New data from the Department of Education shows that 7.7 million borrowers were in default as of December 2025, with that group owing $180 billion, accounting for about 11% of all federal student loan debt.

While many students leave college with a manageable amount of debt and at least a rough plan to pay it off, others graduate unprepared for the burden of monthly payments.

We asked college counselors and financial advisors what parents can do to better prepare students for education loans. Here are their top tips.

[Read: Best Private Student Loans.]

Talk About Money Before Applying

One of the best steps you can take to avoid crushing college debt for both you and your child is to be up front about how much you can pay. This should be done before or during the application process.

“What we’ve tried to persuade people to do is have the discussion about financials earlier in the process,” says Nancy Goodman, founder and executive director of College Money Matters, a nonprofit organization that offers free advice to families about paying for college. “Sit down, and as awkward as it is for a lot of people, lay out for your kid how much you have to spend for their college so that they know right at the beginning, this is how much my parents can afford. That gives the student an idea of what is going to be left for them.”

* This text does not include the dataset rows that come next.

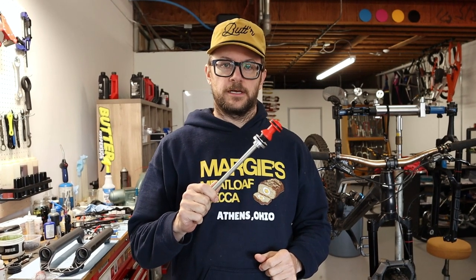Hi there, Greg with Butter Suspension. Today we're going to do a quick little video on how to do a travel change on a RockShox Zeb. Basically you just swap the air shaft. Come along, we'll show you the process. It's pretty simple.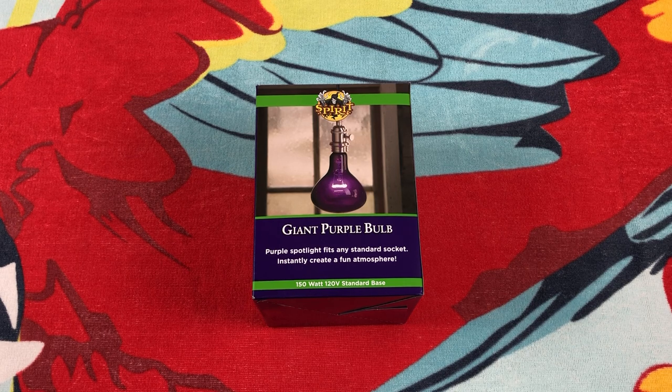They have some interesting things — costumes, lights, and all that kind of stuff related to Halloween. But I've always eyed this giant purple bulb. I wondered: is it actually a blacklight bulb or just a gimmick? Well, it's interesting. As you can see, we have an R40 shaped bulb. It is not a reflector, but a reflector type. And it's 150 watts.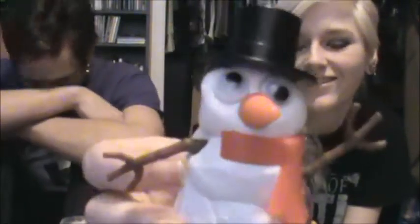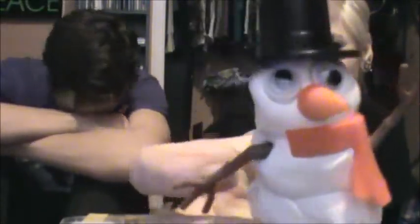Ta-da! Mr. Frosty! Look how herp-a-derpy he is. He looks great, though. His eye is all thuggy — his eye's just gonna be pointing in two different directions. He'll be a crazy Mr. Frosty. He's got a butt.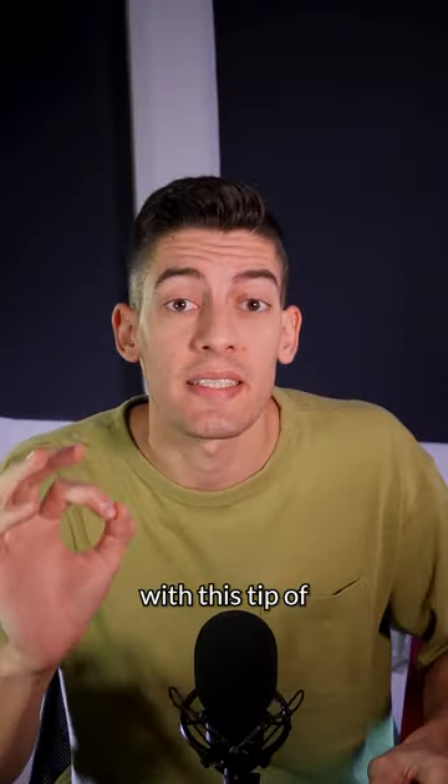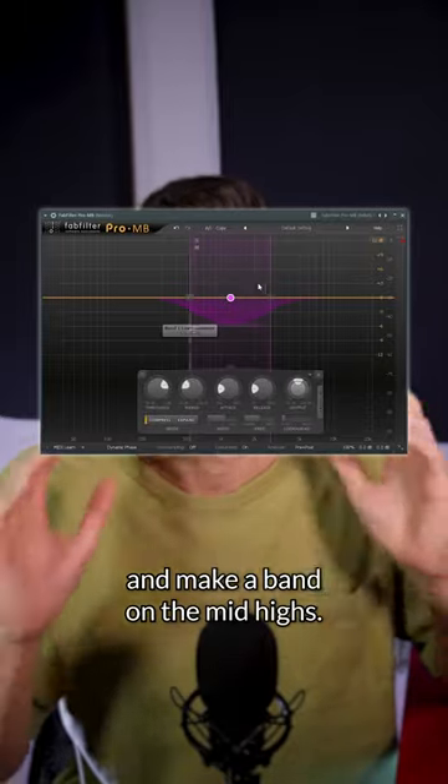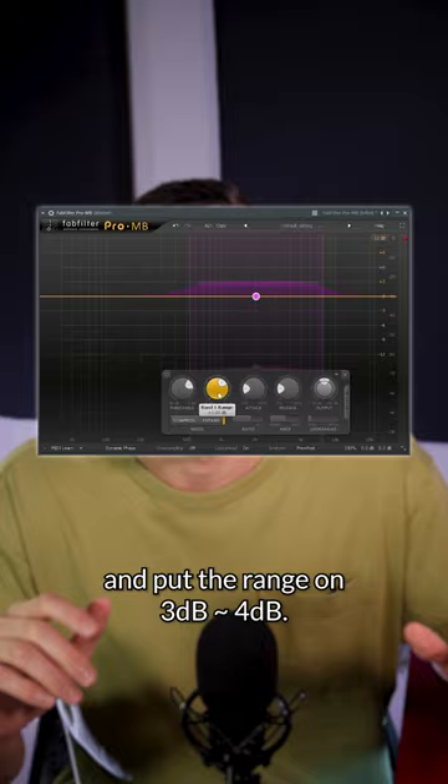Make your songs stand out more in the mastering with this tip from Luca Pretolesi, a top mixing and mastering engineer. Add a Pro MB to your track and make a band on the mid-highs. Now click on expand and put the range around 3-4dB.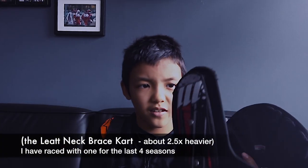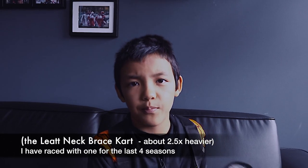Before my dad got this, I was using the Liat. You can tell the size difference between them. Also, there's a weight difference — this is a lot heavier and this is a lot lighter. This is also really bulky. Why I like the YouthNet support is because it's really light and you don't feel like it's on your neck when you're driving.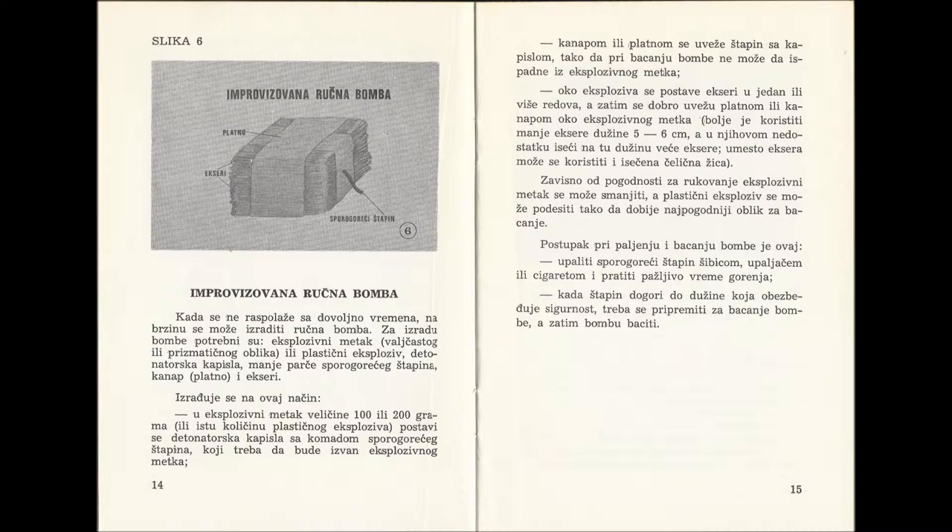And then afterwards, we tie it all very strongly with linen or rope around the explosive cartridge. It is better to use nails of the length of 5-6 cm. If we do not have enough such nails, we can shorten longer nails to get sufficiently long 5-6 cm nails. If we do not have nails, we can use pieces of hard wire.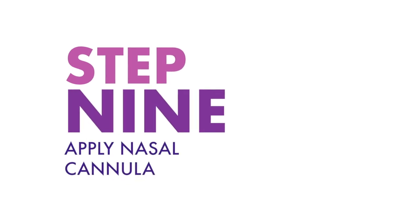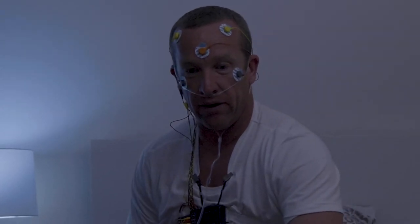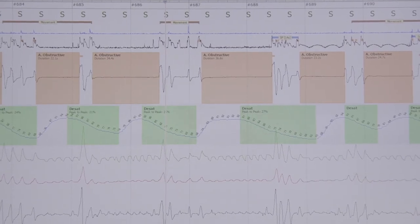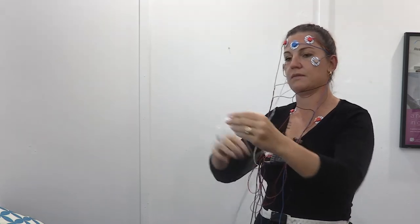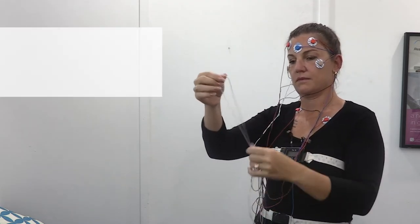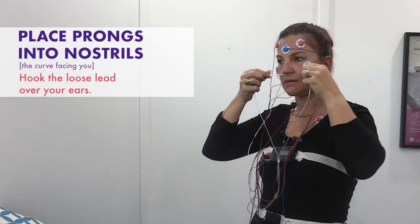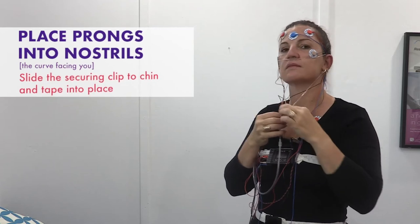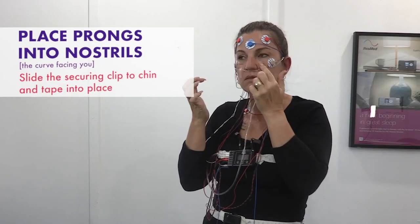Step nine: apply nasal cannula. The nasal cannula will record your breathing, snoring or any other abnormal respiratory data. If this falls out for an extended period, the study will need to be repeated, so it is vitally important that it is secure and not removed. There are two prongs with a curve in them. Place the prongs into your nostrils with the curve facing toward you and hook over your ears. Slide the securing clip up to your chin and then tape into place.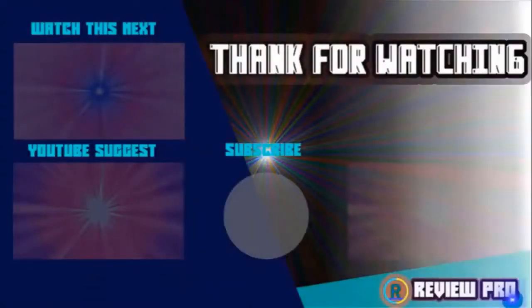Thanks for watching. I hope you liked the video. If you found it helpful, please remember to leave a like and subscribe to my channel to see more videos like this. In the next episode, if you have any questions related to these products, you can leave a comment below and I'll get back to you as soon as I can.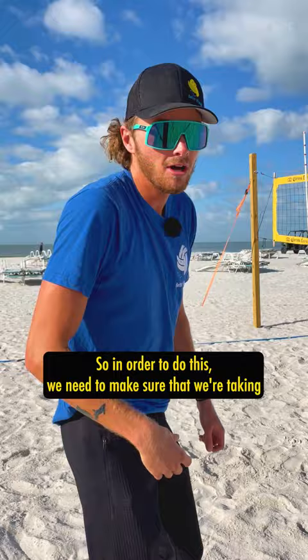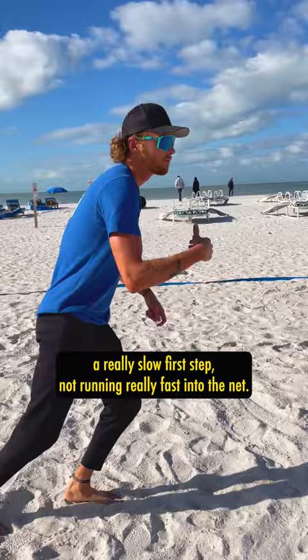So in order to do this, we need to make sure that we're taking a really slow first step, not running really fast into the net.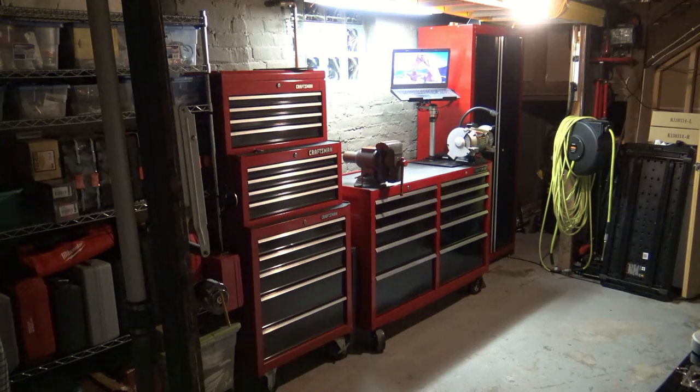Hello everybody. I want to apologize for not having any videos out this week — I've been very busy. I've been working on this workshop project on and off. Once it's done, I'm going to be able to do more cool videos because I'll have a proper area to work and put things together and get a little more creative.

Consider how much you’ve saved for education and how much your kid has saved or could make by getting a summer or part-time job. Divide that number by four to determine how much of those college expenses you can cover each year. Any leftover costs will need to be covered either by scholarships, grants or student loans. Don’t forget to factor in siblings you may need to help fund in the future.

Breaking down the costs, even at this basic level, can prevent you or your student from taking out too much in loans. It can also help ease the stress.

“What I’ve found is that if people can work to quantify what that potential need is, either overall or by year, then all of this stuff doesn’t feel as insurmountable,” says Andy Smith, executive director of financial planning at Edelman Financial Engines. “You’re not running to the corner and throwing up at 3 in the morning.”

Don’t Be Afraid to Apply to Expensive Schools, but ‘Get Real Early’

You don’t necessarily need to start crossing colleges off your list just yet, even if it appears you can’t afford them. Experts say the most competitive schools often can offer more generous financial aid packages to top students.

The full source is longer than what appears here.